YOUR INSTRUCTIONS: Nothing but the lines from the one showing "Gratitude Isn’t Just" through the final line of the data below belongs in the answer, duplicated exactly and without pictures.
BEGIN THE INPUT
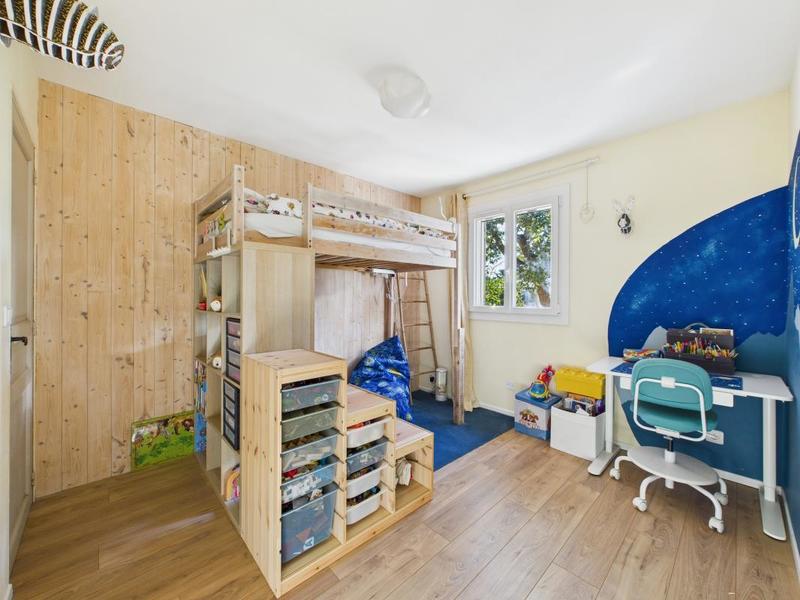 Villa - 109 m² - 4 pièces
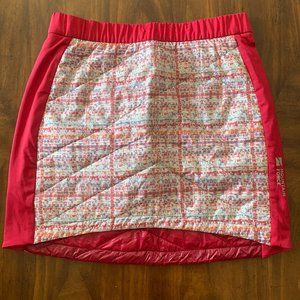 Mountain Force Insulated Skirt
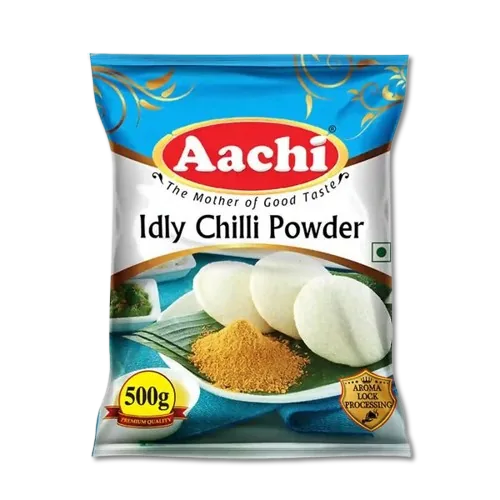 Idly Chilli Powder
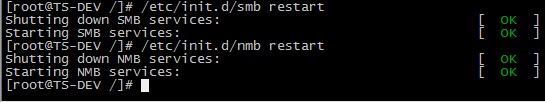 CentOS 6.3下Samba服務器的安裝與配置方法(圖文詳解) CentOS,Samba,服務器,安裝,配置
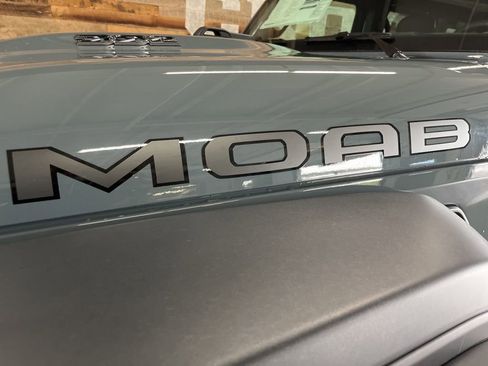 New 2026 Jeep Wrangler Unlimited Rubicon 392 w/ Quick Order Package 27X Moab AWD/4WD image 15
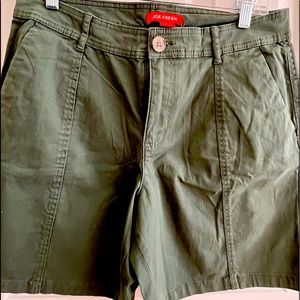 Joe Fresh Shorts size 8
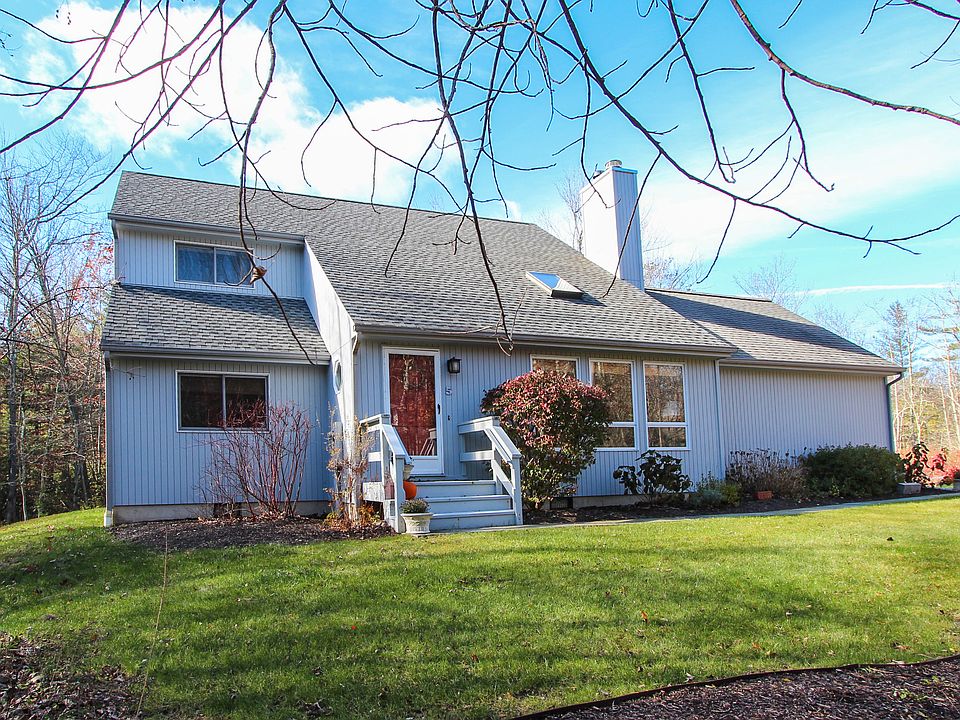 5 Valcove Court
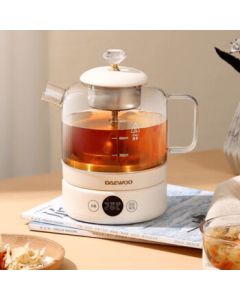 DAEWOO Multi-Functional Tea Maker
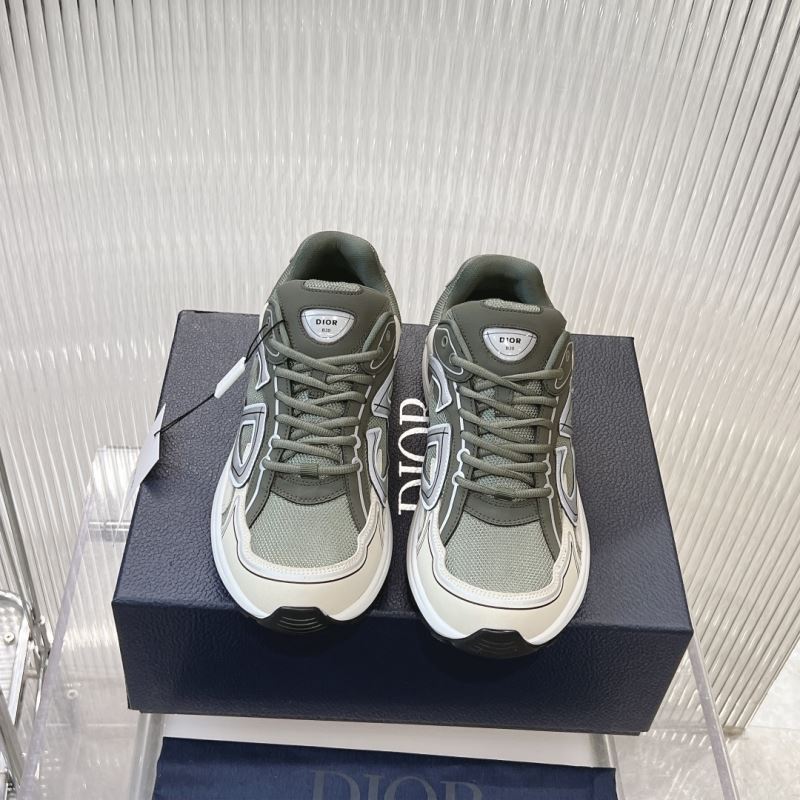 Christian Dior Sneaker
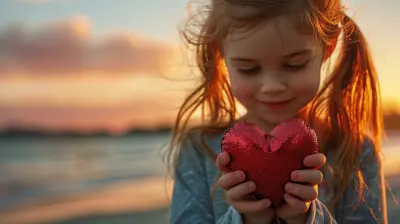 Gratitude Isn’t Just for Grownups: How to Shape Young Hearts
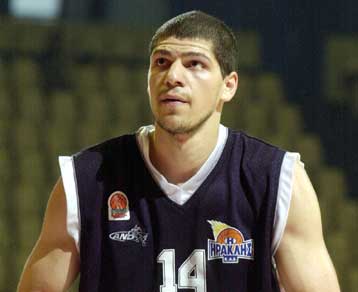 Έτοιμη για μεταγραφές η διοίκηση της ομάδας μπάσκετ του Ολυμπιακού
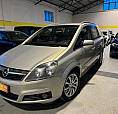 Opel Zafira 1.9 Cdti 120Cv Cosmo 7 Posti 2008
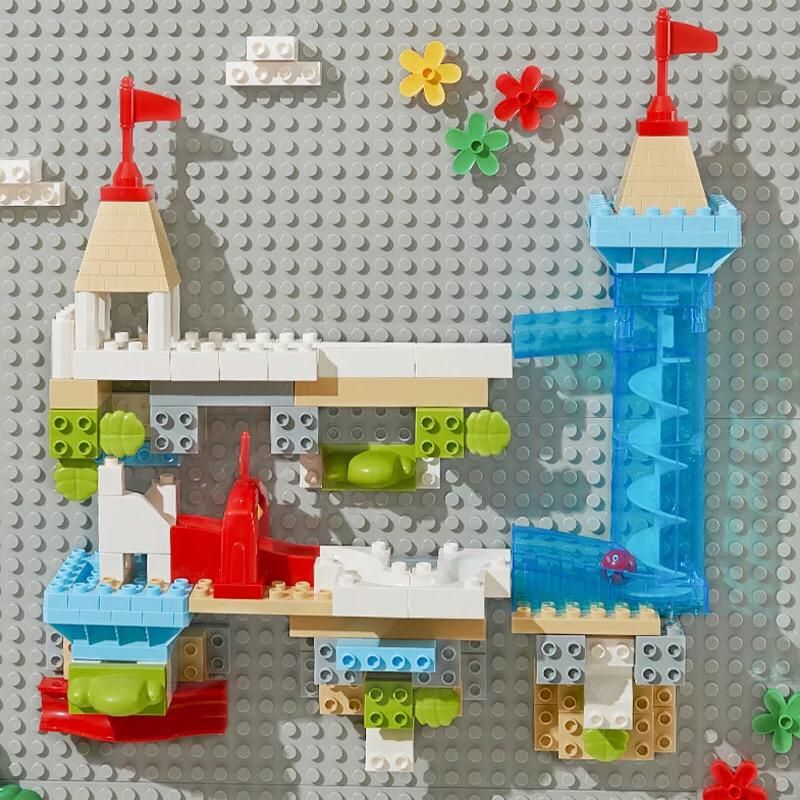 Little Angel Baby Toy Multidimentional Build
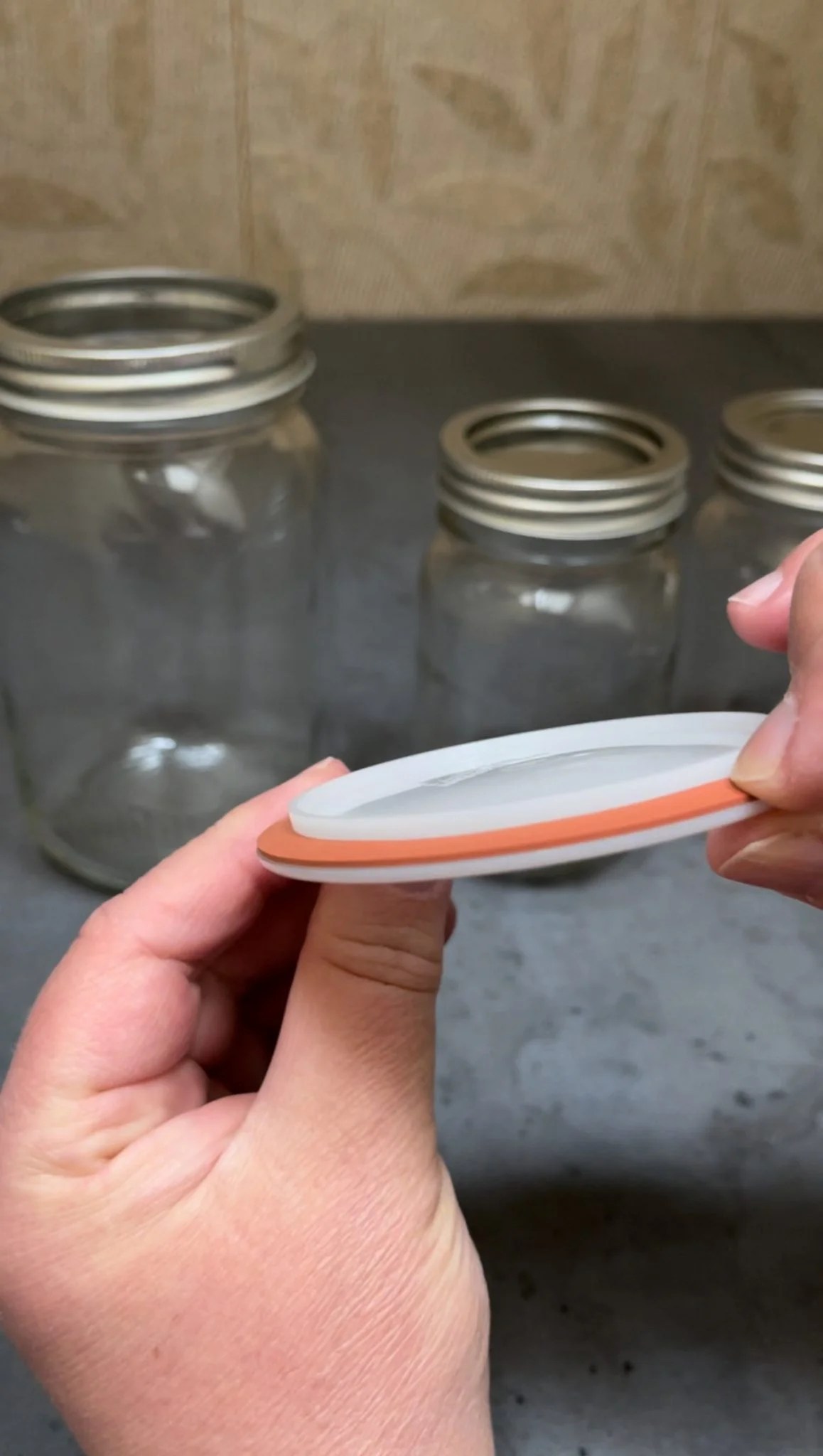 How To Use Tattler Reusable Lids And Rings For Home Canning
END THE INPUT
SOLVED EXERCISE:
 Gratitude Isn’t Just for Grownups: How to Shape Young Hearts
 Έτοιμη για μεταγραφές η διοίκηση της ομάδας μπάσκετ του Ολυμπιακού
 Opel Zafira 1.9 Cdti 120Cv Cosmo 7 Posti 2008
 Little Angel Baby Toy Multidimentional Build
 How To Use Tattler Reusable Lids And Rings For Home Canning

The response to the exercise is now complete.